Classical Music | Music for Viola

Ludwig van Beethoven

Piano Trio in E-flat Major, Opus 70, No. 2  Play

Mathias Tacke Viola
Cheng-Hou Lee Cello
Kuang-Hao Huang Piano

Recorded on 01/31/2012, uploaded on 01/31/2012

Musician's or Publisher's Notes

 

 

I.    Poco sostenuto – Allegro ma non troppo
II.   Allegretto
III.  Allegretto ma non troppo
IV. Finale – Allegro

It was not until ten years after his trio op.11 that Beethoven wrote his two piano trios op. 70. According to Johann Friedrich Reinhardt, the two works were first performed in the salon of Countess Erdödy in Vienna in 1808. Beethoven himself performed "quite masterfully" and "enthusiastically" with violinist Ignaz Schuppanzigh and cellist Joseph Linke.

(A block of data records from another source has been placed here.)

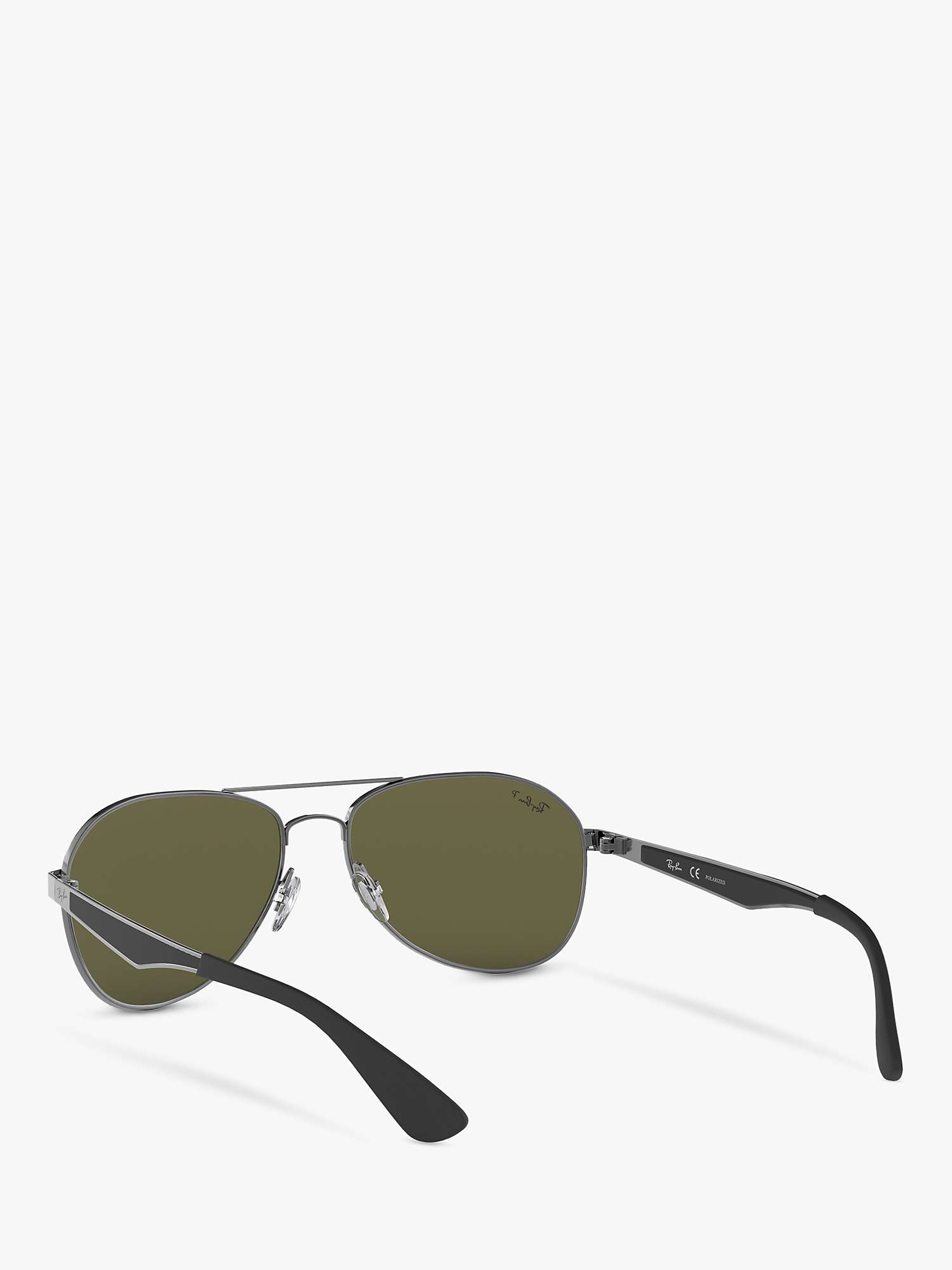 Buy Ray-Ban RB3549 Men's Polarised Aviator Sunglasses, Gunmetal/Green Online at johnlewis.com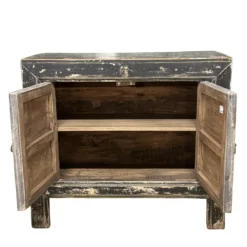 Wandkast 2deur zwart/wit schub uniek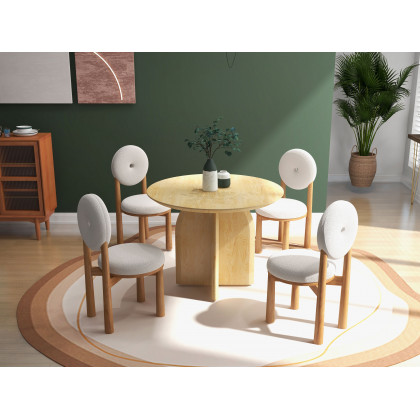 HMR - Japandi Modern Dining Chairs with Sherpa Upholstery White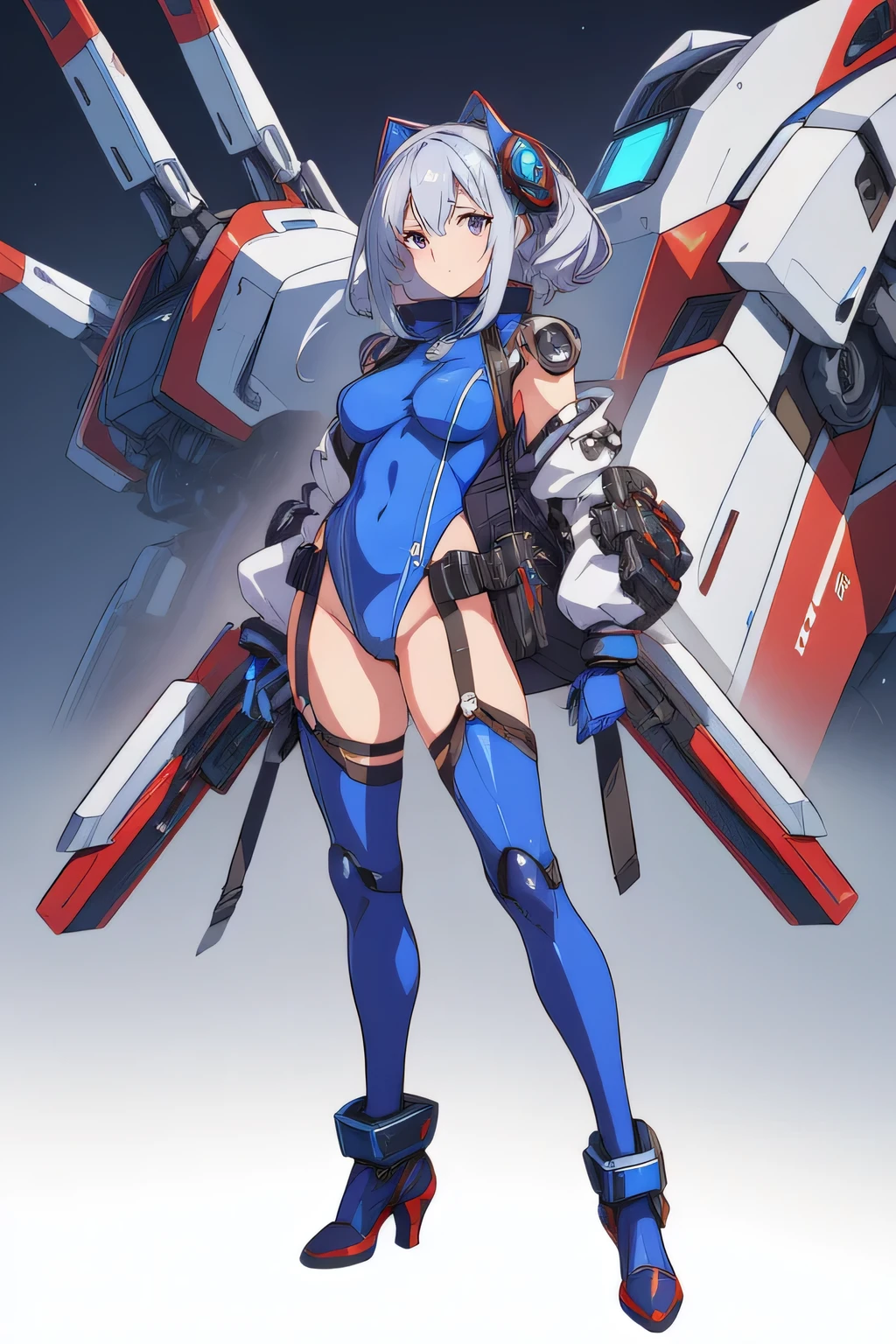 16k, highres, best quality, simple back ground, white background, full body shot
, official art,character reference:1.4,  sporty blue and silver outfit :1.2 , mecha musume:1.3,  breasts close up, epic ecchi:1.4, exoskeleton:1.7, mechanized body suit:1.6, unzipped, hold  massive chainsaw,sci-fi
, 1 milf idol oneesan girl, standing, slingshot leotard,  mechanized armor:1.4, thighhighs ,high heel:1.2, exposed clothing:1.6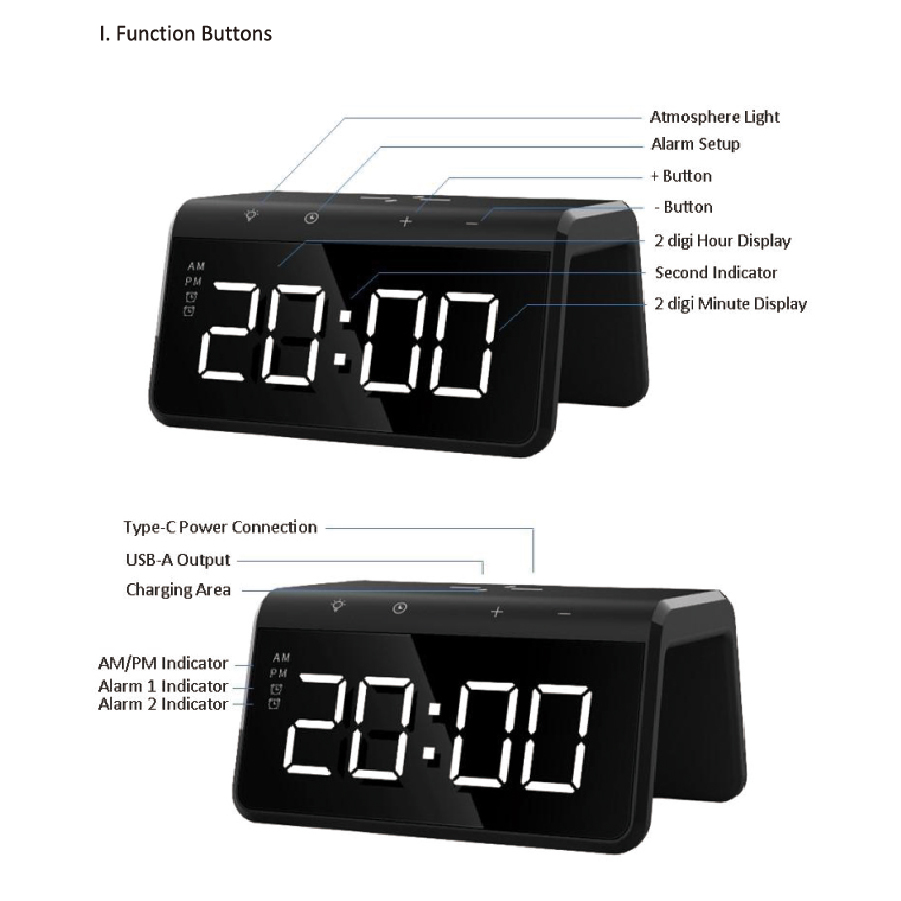 Digital Alarm Clock With Qi Certified 10W Wireless Charger A 12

Unlike the dramatic trio op. 70 #1 in D major with it's nickname "Ghost", the E flat trio has a more luminous character. In the first movement, part of the slow introduction, with it's canonic opening, reappears after the recapitulation like a memory. In the second movement Beethoven writes variations on two themes. A cantabile movement is substituted for the customary minuet or scherzo. The Allegro finale, on the other hand, is given over purely to running figures, careering off almost without check. In these two trios op. 70 Beethoven succeeded fully in integrating the two stringed instruments, even though (or because?) he had first conceived these works as piano sonatas.